Hot prospects on the ice
Meanwhile we can find other WNBA top players in this league, such as Tina Charles (Nadezhda), Ephiphany Prince and Sue Bird (Spartak Vidojne), Michelle Snow (Dynamo Kursk) and Jennifer Lacy (Spartak Saint-Petersburg). The Russian League also hosts some of the hottest prospects in Europe as is the case of three players who will spend the summer playing for their national teams.
Ana Dabovic ('89) was born in Montenegro but plays in the Serbian national team, who will try to qualify for the last open spot in Eurobasket 2011. Dabovic played her rookie season in Russia, after spending a year in Greece, and played in Dynamo Novosibirsk. She was the league's leader in points and assists per game, being used as a shooting guard but also able to play as small forward.

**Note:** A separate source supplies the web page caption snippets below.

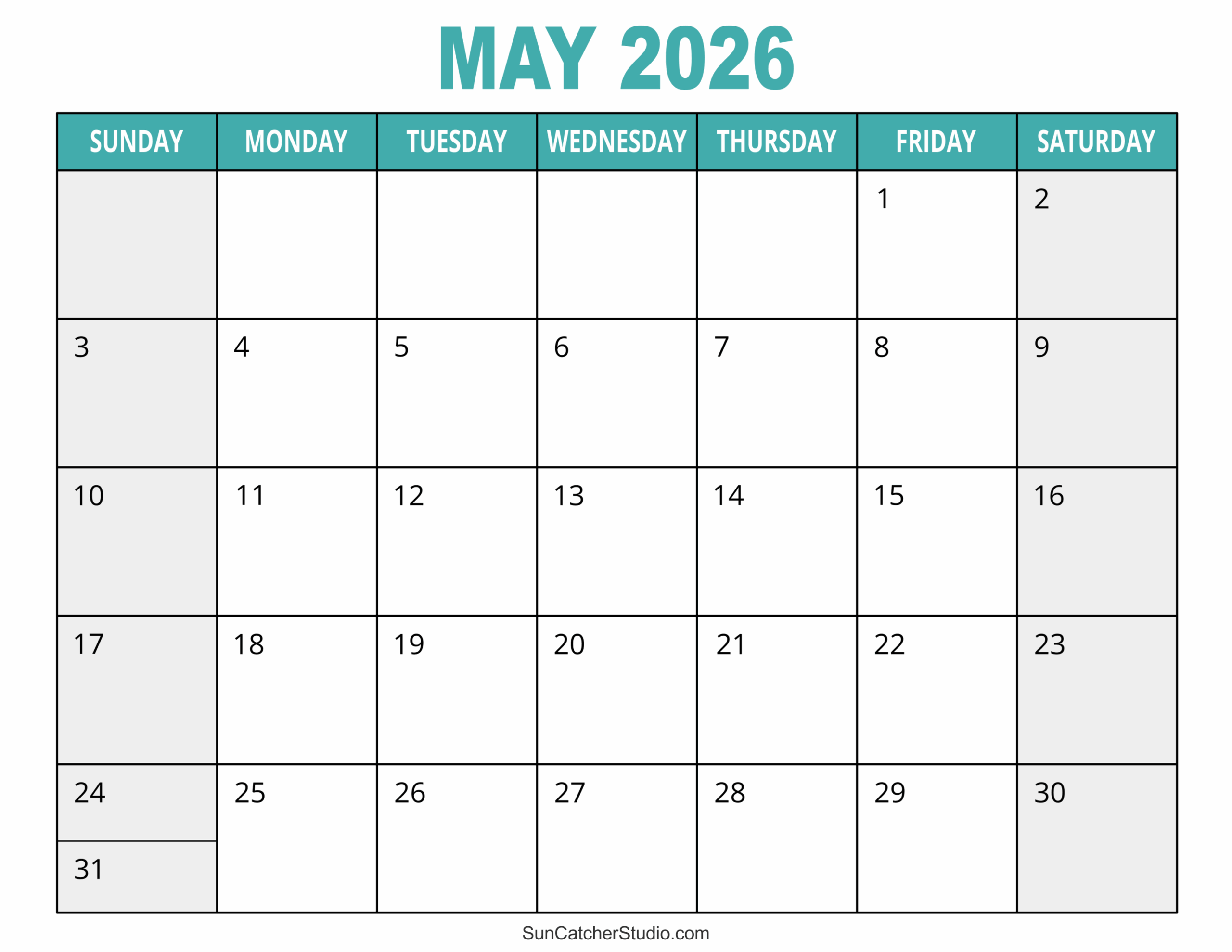 Blank Calendar August 2023-May 2026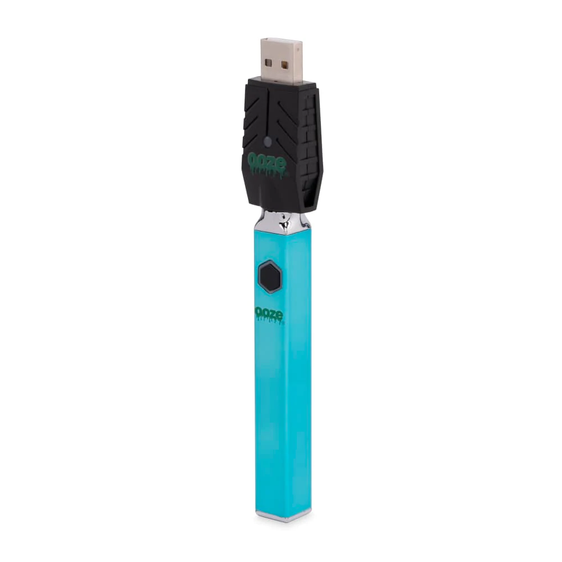 Ooze Quad 510 Thread 500 mAh Square Vape Pen Battery + USB Charger Arctic Blue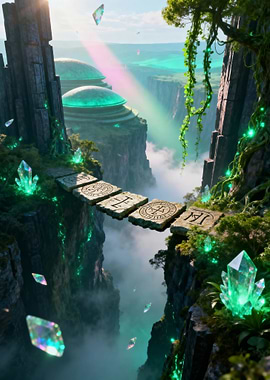 Fantasy Landscape with Stone Bridge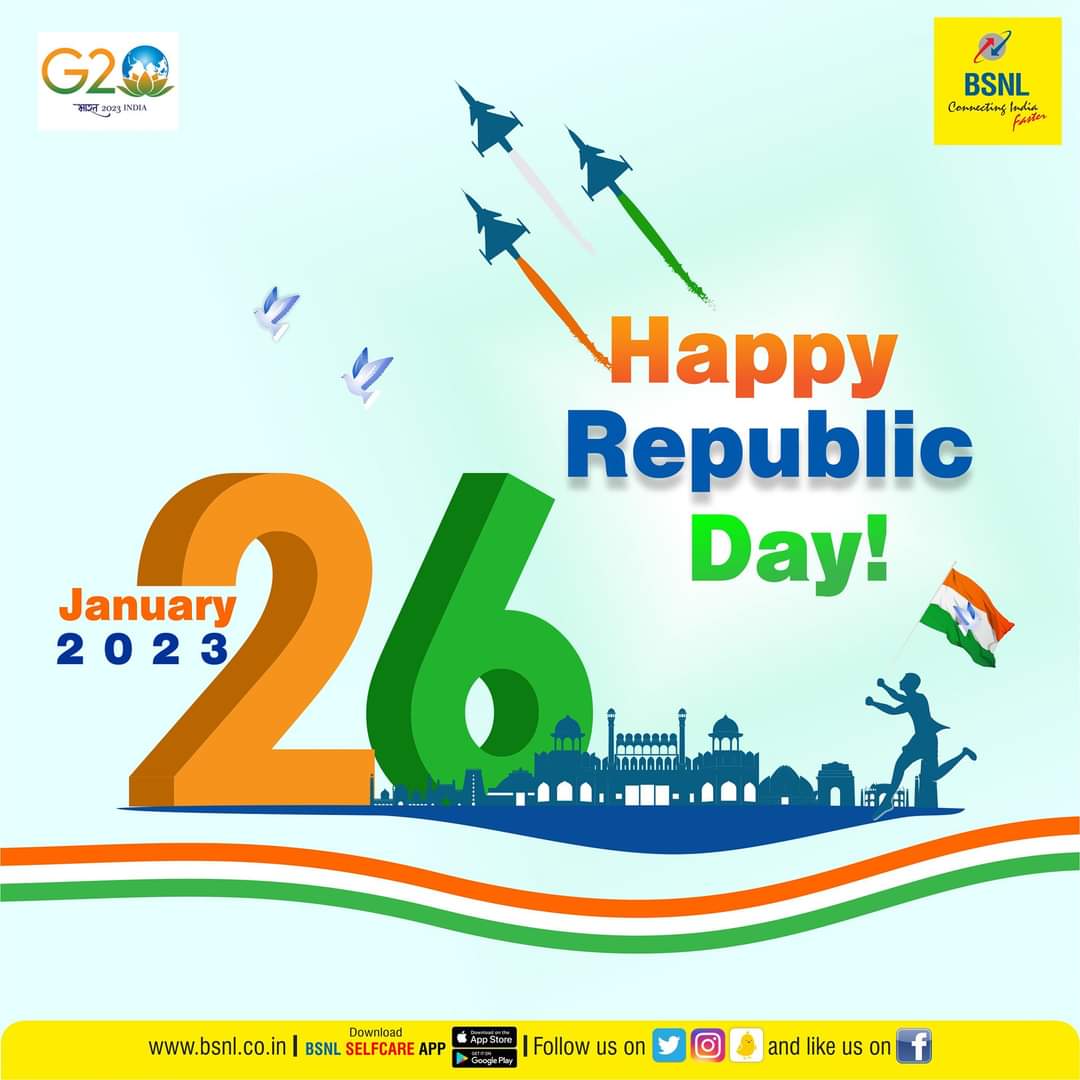 Celebrating the day when our constitution was officially adopted making India a republic nation.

Natalya Myasodeva ('87) plays on the same team as Dabovic, but completed her 6th season in the league. She was the best non-American rebounder, with an average 8.8 and will try to get a place on the Russian national team. Myasodeva is still growing as an inside impact player, gaining experience in Eurocup, the second European team competition.
Another player with the ability to get WNBA attention is Belarus international's Anastasiya Veremeenko ('87). She appeared in last year's World Cup as a prospect, and confirmed it this season being one of the best defensive players in the Russian League and Euroleague. She is a fantastic shot blocker, and will try this summer to add to her country's chance to fight for a title.
Those are but three reasons to keep an eye in European basketball during summer. As for the Russian league, it's certain that some great WNBA players will appear again as well as some good prospect players. It's probably the wealthiest league in Europe and if money doesn't win titles it sure can add great quality.